Question

Prove that the angles in an equilateral triangle are $60^\circ $.

Answer 1

Hint: Equilateral triangles have three sides equal. This gives the three angles of the triangle are also equal. Sum of angles of any triangle is equal to $180^\circ $. Combining these we get the proof.

Formula used:
The sum of the angles in any triangle is equal to $180^\circ $.

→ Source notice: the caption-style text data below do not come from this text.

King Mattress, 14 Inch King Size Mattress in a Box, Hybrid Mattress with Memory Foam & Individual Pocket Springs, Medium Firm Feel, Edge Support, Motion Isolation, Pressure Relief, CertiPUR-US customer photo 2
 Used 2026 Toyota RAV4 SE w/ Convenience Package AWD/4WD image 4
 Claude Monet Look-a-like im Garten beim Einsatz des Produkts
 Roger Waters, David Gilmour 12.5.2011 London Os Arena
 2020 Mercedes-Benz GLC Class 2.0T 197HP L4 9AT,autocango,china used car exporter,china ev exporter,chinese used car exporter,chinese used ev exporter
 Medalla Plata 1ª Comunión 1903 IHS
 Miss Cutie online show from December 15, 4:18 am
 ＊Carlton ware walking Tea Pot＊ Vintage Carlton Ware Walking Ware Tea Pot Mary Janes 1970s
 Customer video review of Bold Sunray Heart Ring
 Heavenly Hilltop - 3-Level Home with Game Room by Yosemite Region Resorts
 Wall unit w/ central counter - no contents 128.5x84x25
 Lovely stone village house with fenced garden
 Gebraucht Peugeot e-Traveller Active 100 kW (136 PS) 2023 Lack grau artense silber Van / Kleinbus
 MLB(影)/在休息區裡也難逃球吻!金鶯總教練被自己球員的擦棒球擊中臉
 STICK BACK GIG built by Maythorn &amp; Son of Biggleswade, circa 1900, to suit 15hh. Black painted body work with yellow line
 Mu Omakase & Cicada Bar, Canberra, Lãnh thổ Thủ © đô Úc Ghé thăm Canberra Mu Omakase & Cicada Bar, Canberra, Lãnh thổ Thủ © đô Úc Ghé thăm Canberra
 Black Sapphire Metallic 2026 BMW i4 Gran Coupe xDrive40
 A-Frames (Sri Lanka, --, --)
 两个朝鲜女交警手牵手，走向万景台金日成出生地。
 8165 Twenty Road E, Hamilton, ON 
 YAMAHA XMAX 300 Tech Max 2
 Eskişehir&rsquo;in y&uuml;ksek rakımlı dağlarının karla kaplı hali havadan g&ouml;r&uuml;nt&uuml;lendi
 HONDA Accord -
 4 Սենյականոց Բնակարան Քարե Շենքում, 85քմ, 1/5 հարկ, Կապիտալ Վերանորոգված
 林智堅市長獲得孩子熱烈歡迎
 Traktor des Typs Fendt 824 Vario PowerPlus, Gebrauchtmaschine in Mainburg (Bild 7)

Complete step-by-step answer:
To prove each of the three angles in an equilateral triangle is equal to $60^\circ $.
Equilateral triangle is the type of triangle with all the three sides equal.
We have three sides equal implies the three angles of the triangle are also equal.
Also we know that the sum of the angles in any triangle is equal to $180^\circ $.
This gives three times the angle of an equilateral triangle is equal to $180^\circ $.
Let each angle be $x$.
Now we can say $3x = 180^\circ $
So we have the angles of the equilateral triangle is equal to $\dfrac{{180^\circ }}{3} = 60^\circ $.

Additional information:
Equilateral triangle has other peculiarities as well.
In an equilateral triangle, in-centre and circum-centre coincide and circum-radius is twice the in-radius.
The perpendicular bisector of a side is also the angle bisector of the angle opposite to it.
The area of an equilateral triangle with side $a$ is given by $\dfrac{{\sqrt 3 {a^2}}}{4}$.

Note: We can draw equilateral triangles with any measurement for sides. Anyway the angles remain constant and equal to $60^\circ $. In the other way we can say that if the three angles of a triangle are $60^\circ $, then the triangle is equilateral.